Introduction
There are many methods for reliable recognition of frontal face image,
and recently for recognition from profile gait sequences [1]. However, in many practical settings the
subjects to be identified do not conform to these pose and motion limitations. In order
for a recognition method to be able to work under such conditions, it
needs to be view-independent. Furthermore, once a moving subject is observed by
the camera(s), it is appealing to integrate the recognition results
based on multiple modalities, to obtain a more robust recognition
scheme. We are currently developing techniques for view-independent integrated face-gait
recognition. The experiments use an implementation of Image-Based
Visual Hulls (IBVH) system, installed at the MIT AI Lab.
Methodology
An example of typical input to our system is shown in this AVI file.
At times the subject does not face any of the cameras, nor does he have his
profile towards any camera. Having two dynamic cameras, one staying in
front of the subject looking at his face and another staying at a
desired distance looking perpendicular to his motion direction, one
would obtain data which could be fed to view-dependent recognition
methods. We do not have such cameras. However, we have a few (four in
our case) far-placed images, providing information on the 3D structure
of the observed scene and its appearance (texture).
Using IBVH, we can reconstruct the 3D visuall hull of the person. Then, for any desired camera position, we can project this 3D hull on the image plane, and obtain synthetic silhouette of the VH viewd from that viewpoint. Choosing virtual viewpoints so that the viewing direction is perpendicular to the subjects motion vector at the given time, provides synthetic profiles (from both left and right), which can be used for recognition by gait. An example of such profile sequence, corresponding to the input above, is available.
Clearly, face recognition requires more than a silhouette. Visuall hull provides a 3D approximation of the face surface. As long as this surface is visible to at least one camera, a texture can be mapped to the VH, and for any virtual viewpoint it can be rendered using common computer graphics techniques. Thus, we can obtain a synthetic frontal view of the face by placing the virtual camera in front of the face looking towards it.
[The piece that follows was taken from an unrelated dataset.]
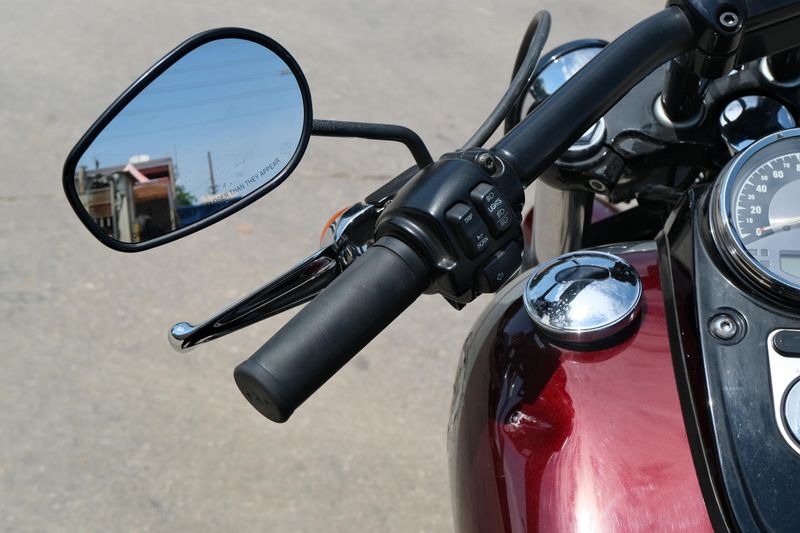 Used 2015 HARLEY DYNA FAT BOB MAROON Image 23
In order to determine face orientation, we use the novel fast face detection method described in [3]. We can dramatically reduce the searching space: given the VH, and assuming general upright position, we need to search only the different views of the head (the top part of the VH). An AVI clip demonstrates such search space and the face images detected as close to frontal. Heuristic assumptions, such as assuming face orientation roughly parallel to the motion vector, can provide further cues on the initial spatial angle in which frontal face is sought.
Trajectory estimation
In order to estimate the motion of the subject, we examine the
position of the centroid of the VH, which is in turn an estimate of
the bosy center of mass. This is a coarse estimate,
susceptible to errors due to both measurment noise (imperfect
silhouette extraction leads to distorted VH), and to the dynamic
changes in body shape (such as swinging arms and legs). However we
found it reasonably precise for subjects who walk across the scene at
a normal walking speed.
A simple Kalman filter is applied to the observed centroids of the VH, to produce an estimated direction of the motion vector in each frame. Once this vector is obtained, we can compute the viewpoints relevant to synthetic face and gait data. Synthetic face images can be rendered and recognized on the fly, while gait feature vector can be computed once sufficient number of synthetic profile have been collected
Integration
Since face and gait recognition results are independent given the
constructed VH, one can potentially improve recognition performance by
combining them. We are exploring the probabilistic framework
for such integration. The ad-hoc rule currently in use assigns
a confidence measure to each possible ID under each modality. These
confidence levels are set according to the distance from the computed
feature vector for the observed data and the individuals represented
in the database. Final classification is then obtained by averaging
the confidence levels assigned by face and gait classifiers, and
picking the ID with the maximal confidence.
Results
Our experiments involved 12 individuals. The table below shows error
rates, obtained with leave-one-out cross validation over 54 sequences:
With VH view-normalization | Without view-normalization | |
Face only | .20 | .69 |
Gait only | .13 | .48 |
Combined face and gait | .09 | .36 |